Required work:
A faithful copy of the data is what is wanted, minus any pictures.

Available data:
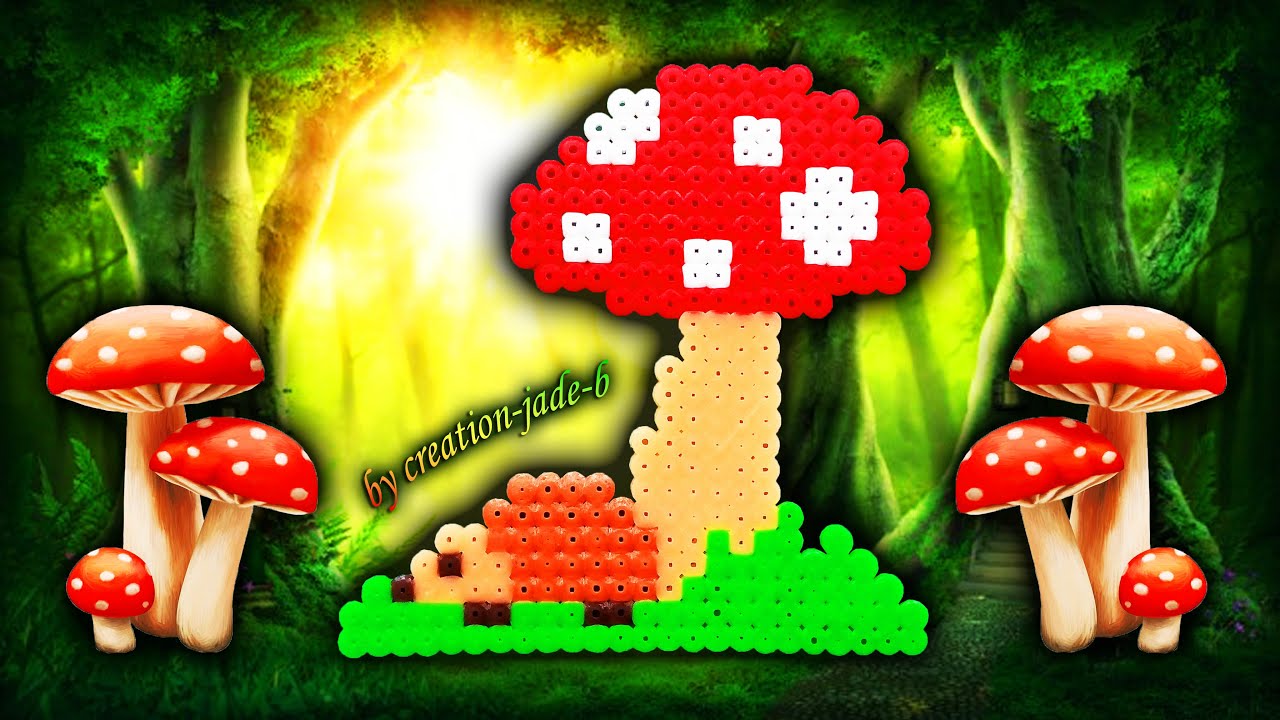 🍄 Tuto Décoration d'AUTOMNE 🦔 - Champignon/Hérisson en Perles HAMA ! 🌲🍂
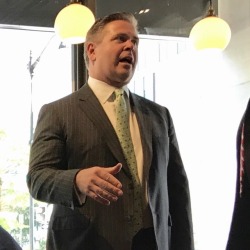 daddiesonthego:  Green Tie Daddy grabbing a coffee with his coworker.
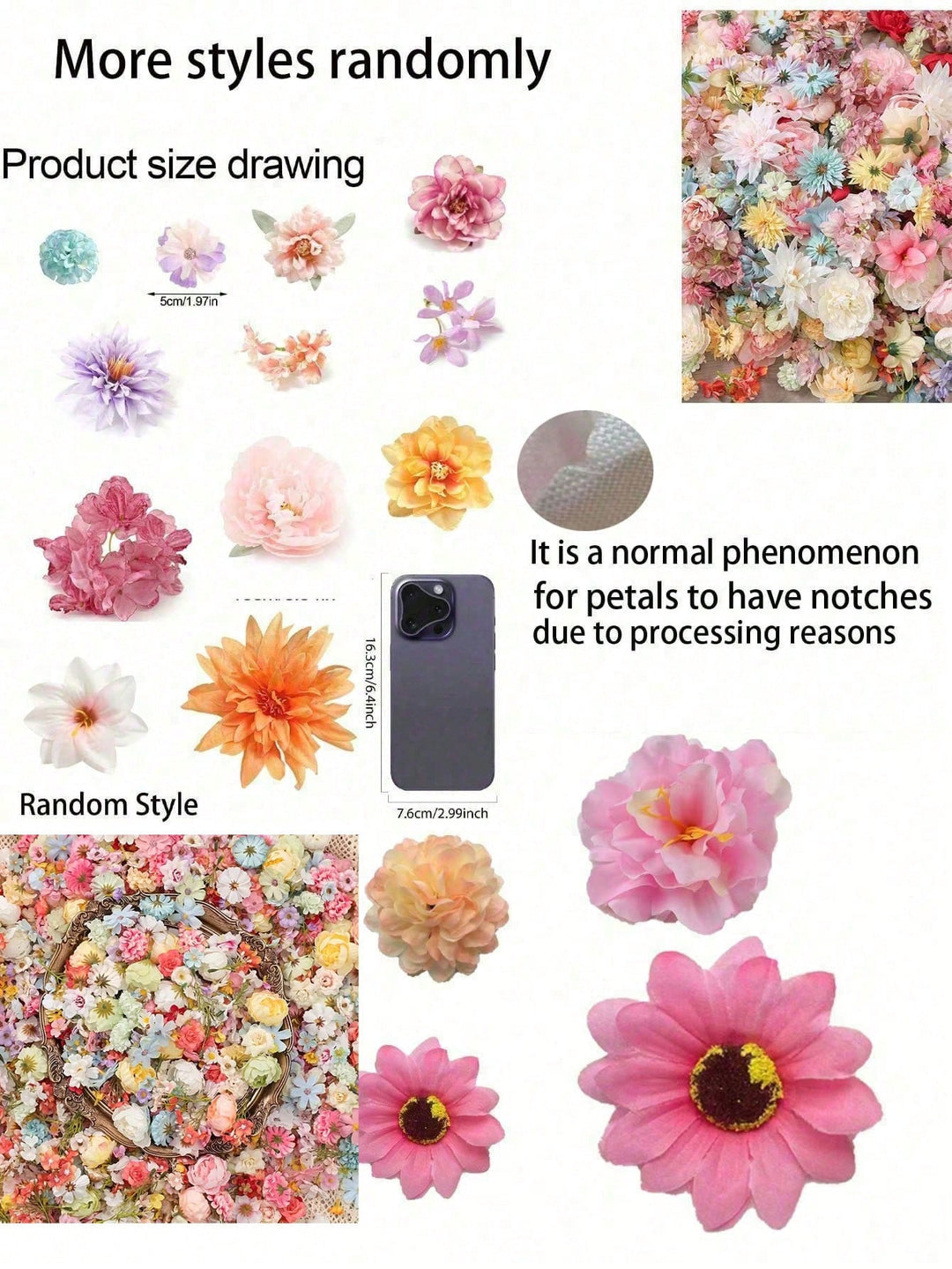 Floari artificiale SHEIN, mix culori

Output below:
 🍄 Tuto Décoration d'AUTOMNE 🦔 - Champignon/Hérisson en Perles HAMA ! 🌲🍂
 daddiesonthego:  Green Tie Daddy grabbing a coffee with his coworker.
 Floari artificiale SHEIN, mix culori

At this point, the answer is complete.